Brother Lyman S. Skeen loved his God, and he tried to show by his life that he wanted to do everything he could while here in mortality to merit the blessings promised to the faithful.  No man ever left a greater legacy for his children than has Brother Skeen, not in dollars and cents, in the wealth of the world.  I don’t count a man’s success in life by the wealth he gathers around him.  He has lived an honorable, true, upright, honest life.  He was indeed one of the noble sons of God, and you sons and you daughters, as you travel along life’s pathway, you will realize what a wonderful legacy your father has left you, when you can hear those who have known him all their lives say that Lyman S. Skeen was an honest man.  That is the greatest legacy that can be left to children by their father.

So I am proud that I have known this wonderful man for so many years.  He could say, as Timothy said, “I have fought a good fight, I have finished my course.”  Brother Skeen has fought a good fight, I have finished my course.”  Brother Skeen has fought a good fight and he has kept the faith.  He will receive greater blessings than mortal man can conceive.  If we are faithful and true, if we live lives our Heavenly Father would have us live, when we pass from this mortal existence we will receive a welcome home.

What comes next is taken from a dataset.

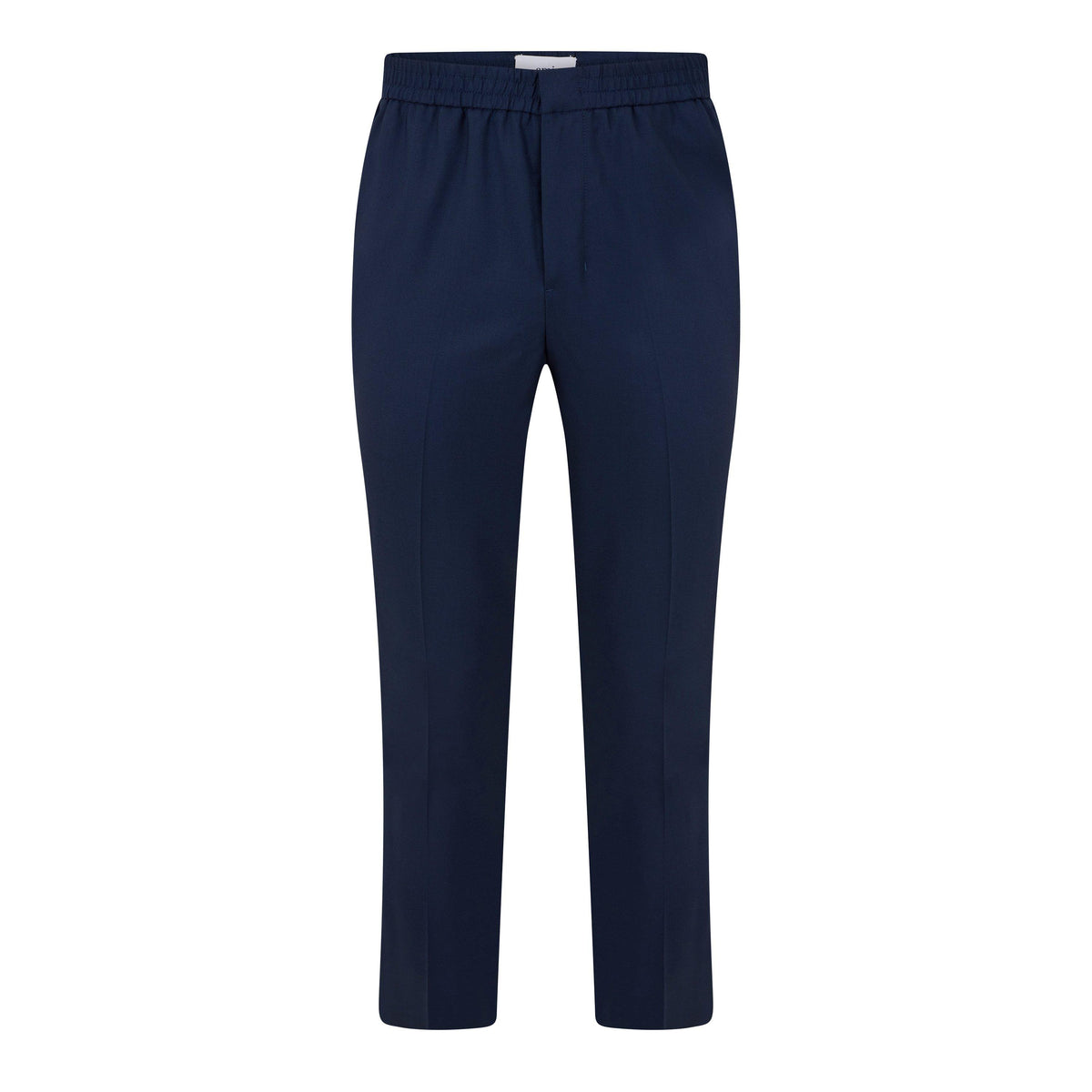 Elasticated Waist Trousers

May sweet memory of Brother Lyman S. Skeen every remain in our memories.  May our Heavenly Father bless his children that they may be determined to live lives that their fine parents would have them live, and thus erect a monument that will live through time and eternity.  May we all profit by the life of Lyman S. Skeen, I humbly pray in the name of Jesus Christ, Amen.

Solo:  “Abide With Me” by Mary Farley

John Maw:  Brothers, sisters and friends.  I am here to speak a few words for this occasion today.  This is like standing up for my second father.  I have been implicated with Brother Skeen for many years.  I have known this family all my life.

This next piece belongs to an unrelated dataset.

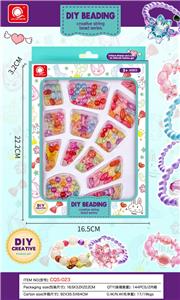 Beauty set - OBL10119720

Our first real work together was building the railroad to Plain City.  We negotiated with prospects in 1907.  During all that year and winter of 1908 we worked through storms.  We trod over the road many times.  Brother Eccles was a man who had to know just how many steps it was going to take.  We finally got a contract.  The year 1909, November 15th, we built the first railroad into Plain City.

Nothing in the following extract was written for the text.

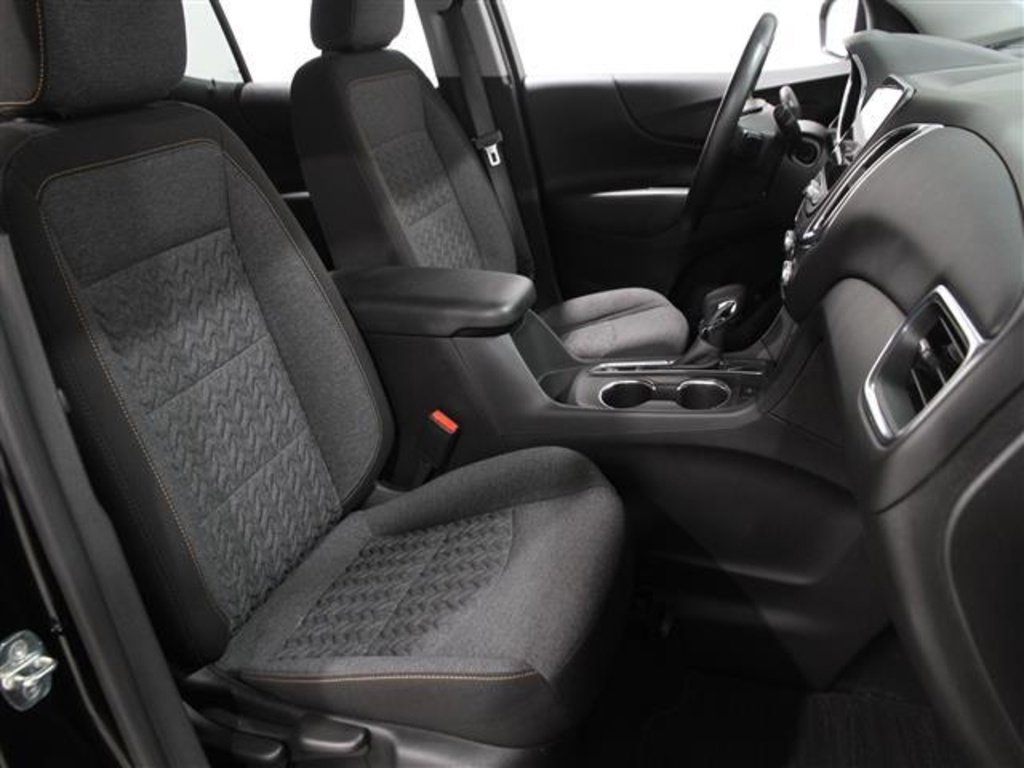 Used 2022 Chevrolet Equinox LT image 16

Since that time we have been first on one committee and then on another.  He picked me as sone of the committee to build this hall and every time there was something to do I have been with Mr. Skeen.  We were called as a committee by the cement plant to go and inspect parts of different places to see what damage was done, and I have never seen the time in my life that Mr. Skeen was too busy to go.  I don’t know a man that has been with him more than I have.  I have worked with him continually.

In those things as well as his own ward, he was never too busy to come and do something to help.  It wasn’t that he thought of himself only, but of the people who lived here, of his family.  He has a good family.  All they have to do is follow in his footsteps and they will not go far wrong.

I believe Brother Skeen is the last pioneer that Plain City has.  We are laying away today a mighty good man, and I feel very sorry in my heart.  He has nothing to regret, and if we can all live to the same age and do the things he has done, we will have nothing to regret.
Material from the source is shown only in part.